Severity Of California Drought Prompts Mandated Water-Usage Cutbacks

While much of the country digs out of the snow, California is facing a severe drought, likely the worst and most prolonged period of dry weather since record-keeping began there more than 100 years ago. The state had no precipitation in January, normally its rainy month, and state officials say California’s reservoirs are 20% lower than normal for this time of year.

On Jan. 17, Gov. Jerry Brown declared a state of emergency. He directed state officials to take actions to prepare for drought conditions and asked California residents to cut their water usage by 20%. Foodservice operators also are being asked to conserve and reduce their water usage.
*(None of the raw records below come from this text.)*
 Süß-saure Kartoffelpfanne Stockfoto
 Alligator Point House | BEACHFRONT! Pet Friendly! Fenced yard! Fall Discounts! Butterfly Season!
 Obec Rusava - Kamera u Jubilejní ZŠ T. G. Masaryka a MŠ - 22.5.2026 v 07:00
For now, the reductions are voluntary.

“There is an across-the-board awareness among everyone that we need to conserve water,” said Angela Pappas, spokeswoman for the California Restaurant Association. “Our governor has asked everyone to reduce water usage by 20%, and our members are taking this very seriously. Restaurants are heavy water users for a number of reasons, many of which have a lot to do with food safety.”
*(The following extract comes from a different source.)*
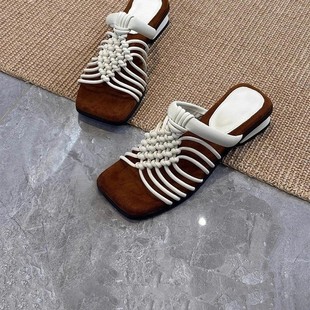 2025 New Summer Style French Square Toe Thin Strap Braided Medium Thick Heel Flip-Flops Women's Sandals for Outer Wear Roman Sandals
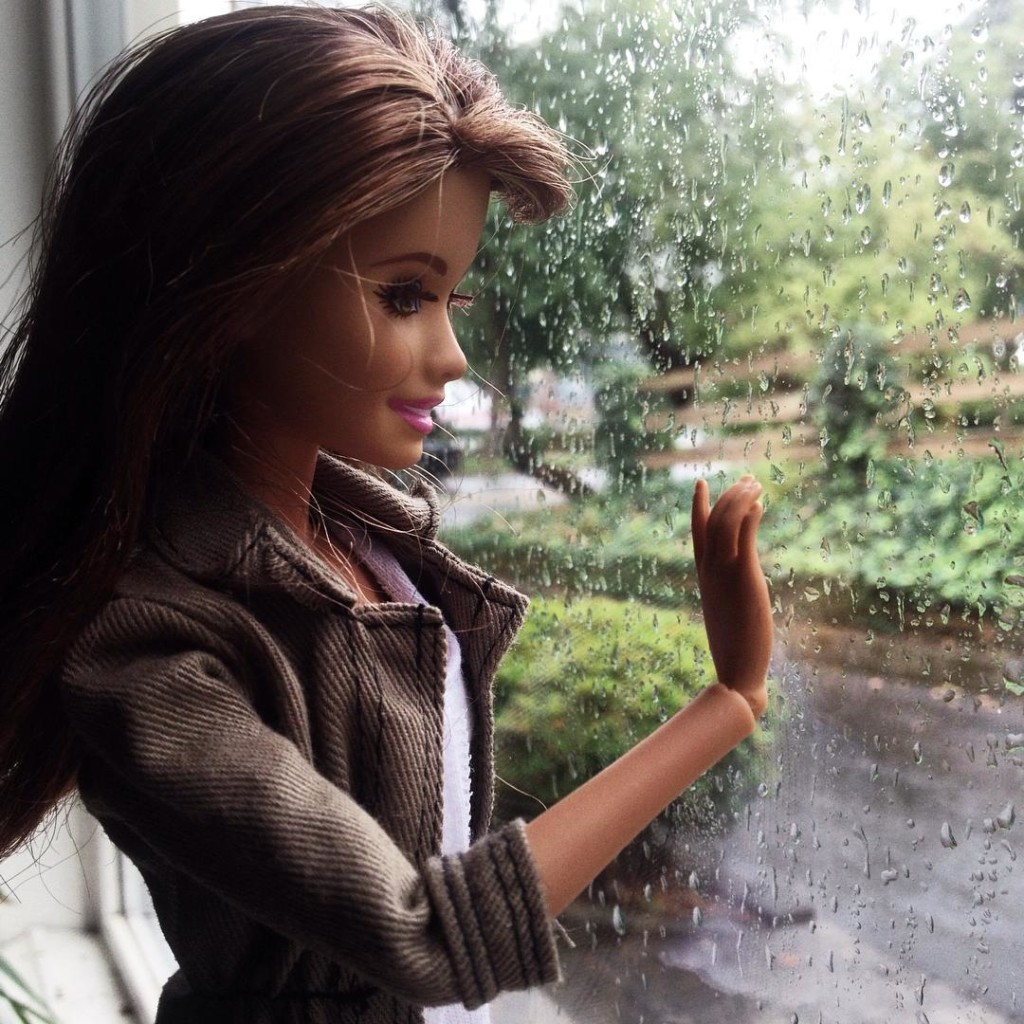 Hipster Barbie, Klişe Instagram Pozlarıyla InstaGirl'lere Meydan Okudu 1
Many restaurateurs in California are now serving water to customers on request only, Pappas said.

“People tend to leave a lot of water on the table, especially when diligent bussers fill their glasses without having to be asked,” she said. The National Restaurant Association points out that if the foodservice industry didn't automatically serve water to all customers, the industry would potentially save more than 25 million gallons of water annually. If water goes untouched, it is wasted. Serving water to customers only if they ask for it will result in less water wasted and fewer glasses to clean. Also, waiting for a water glass to be empty before refilling it ensures less waste.

Another easy way to save water and money is switching from using running water to thaw frozen items or washing vegetables—which can cause a restaurant to use as much as 90,000 gallons of water annually—to thawing items in the refrigerator and washing vegetables in a wash basin.

The CRA's Pappas added that one of the largest uses of water in a foodservice operation is dishwashing, so running the dishwasher only when it is completely full is a simple way to cut back on water usage. The NRA points out that many operators have installed scraping systems that recycle water out of the dishwasher to pre-clean dishes, resulting in less spray rinsing and wasted water.

“The next tier of action for restaurateurs would be to make sure equipment is as efficient as possible and that there are no leaks anywhere, especially in the back of the house,” Pappas said.

According to the U.S. Environmental Protection Agency, a leaky faucet that drips at the rate of one drip per second can waste more than 3,100 gallons per year. Installing low-flow aerators on restaurant faucets also will help lower the amount of water that is wasted and can reduce the amount of water used by as much as 60%.